Broad Risk Oversight

A company must disclose the extent of its board of directors’ role in the risk oversight of the company, such as how the board administers its oversight function and the effect this has on the board’s leadership structure. To the extent cybersecurity risks are material to a company’s business, this discussion should include the nature of the board’s role in overseeing the management of that risk. Information should also be included on how the board engages with management on cybersecurity risk management.

Controls and Procedures

The new guidance clearly provides that companies should adopt comprehensive policies and procedures related to cybersecurity and to assess their compliance regularly, including policy/procedure compliance related to the sufficiency of disclosure controls and procedures.  Procedures must address a company’s ability to record, process, summarize and report financial and other information in SEC filings.  Additionally, any deficiency in these controls and procedures should be reported.

The SEC reminds companies that their principal executive officer and principal financial officer must make individual certifications regarding the design and effectiveness of disclosure controls and procedures. These certifications should take into account cybersecurity-related controls and procedures.

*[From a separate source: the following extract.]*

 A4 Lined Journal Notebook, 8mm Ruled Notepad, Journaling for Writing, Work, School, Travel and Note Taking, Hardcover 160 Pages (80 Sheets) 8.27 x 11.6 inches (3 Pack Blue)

Furthermore, as discussed above, a company should have proper policies and procedures preventing officers, directors and other insiders from trading on material nonpublic information related to cybersecurity risks and incidents.

Regulation FD and Selective Disclosure

Companies may have disclosure obligations under Regulation FD related to cybersecurity matters. Under Regulation FD, “when an issuer, or person acting on its behalf, discloses material nonpublic information to certain enumerated persons it must make public disclosure of that information.” The SEC reminds companies that these requirements also relate to cybersecurity matters and that, along with all the other disclosure requirements, policies and procedures should specifically address any disclosures of material non-public information related to cybersecurity.